### Instructions to follow
The data below is to be set down again exactly as written.

═══ Data extract

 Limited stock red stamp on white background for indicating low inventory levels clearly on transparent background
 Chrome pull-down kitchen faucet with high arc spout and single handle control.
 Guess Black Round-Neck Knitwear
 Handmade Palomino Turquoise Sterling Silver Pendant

══════

### Exercise response
 Limited stock red stamp on white background for indicating low inventory levels clearly on transparent background
 Chrome pull-down kitchen faucet with high arc spout and single handle control.
 Guess Black Round-Neck Knitwear
 Handmade Palomino Turquoise Sterling Silver Pendant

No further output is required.